Kubernetes adoption is at an all-time high. Almost every major IT organization invests in a container strategy and Kubernetes is by far the most-used and most popular container orchestration technology. While there are many flavors of Kubernetes, managed solutions like AKS, EKS and GKE are by far the most popular. Kubernetes is a very complex platform, but setting up a Kubernetes cluster is fairly easy as long as you choose a managed cloud solution. I would never advise self-managing a Kubernetes cluster unless you have a very good reason to do so.
Running Kubernetes comes with many benefits, but setting up a solid platform yourself without strong Kubernetes knowledge takes time. Setting up a Kubernetes stack according to best-practices requires expertise, and is necessary to set up a stable cluster that is future-proof. Simply running a manged cluster and deploying your application is not enough. Some additional things are needed to run a production-ready Kubernetes cluster. A good Kubernetes setup makes the life of developers a lot easier and gives them time to focus on delivering business value. In this article, I will share the most important things you need to run a Kubernetes stack in production.
1 – Infrastructure as Code (IaC)
First of all, managing your cloud infrastructure using Desired State configuration (Infrastructure as Code – IaC) comes with a lot of benefits and is a general cloud infrastructure best practice. Specifying it declarative as code will enable you to test your infrastructure (changes) in non-production environments. It discourages or prevents manual deployments, making your infrastructure deployments more consistent, reliable and repeatable. Teams implementing IaC deliver more stable environments rapidly and at scale. IaC tools like Terraform or Pulumi work great to deploy your entire Kubernetes cluster in your cloud of choice together with networking, load balancers, DNS configuration and of course an integrated Container Registry.

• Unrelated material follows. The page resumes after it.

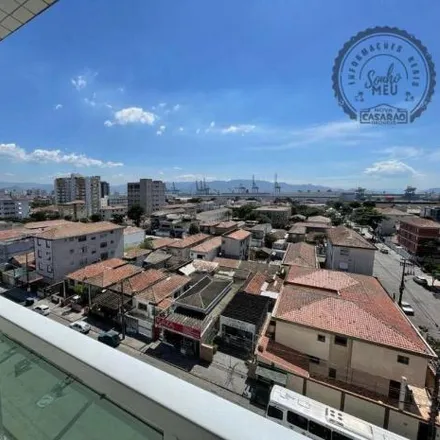 Image 2 - Rua Moema, Ponta da Praia, Santos - SP, 11030-151, Brazil - Apartment for sale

2 – Monitoring & Centralized logging
Kubernetes is a very stable platform. Its self-healing capabilities will solve many issues and if you don’t know where to look you wouldn’t even notice. However, that does not mean monitoring is unimportant. I have seen teams running production without proper monitoring, and suddenly a certificate expired, or a node memory overcommit caused an outage. You can easily prevent these failures with proper monitoring in place. Prometheus and Grafana are Kubernetes’ most used monitoring solutions and can be used to monitor both your platform and applications. Alerting (e.g. using the Alertmanager) should be set up for critical issues with your Kubernetes cluster, so that you can prevent downtime, failures or even data loss.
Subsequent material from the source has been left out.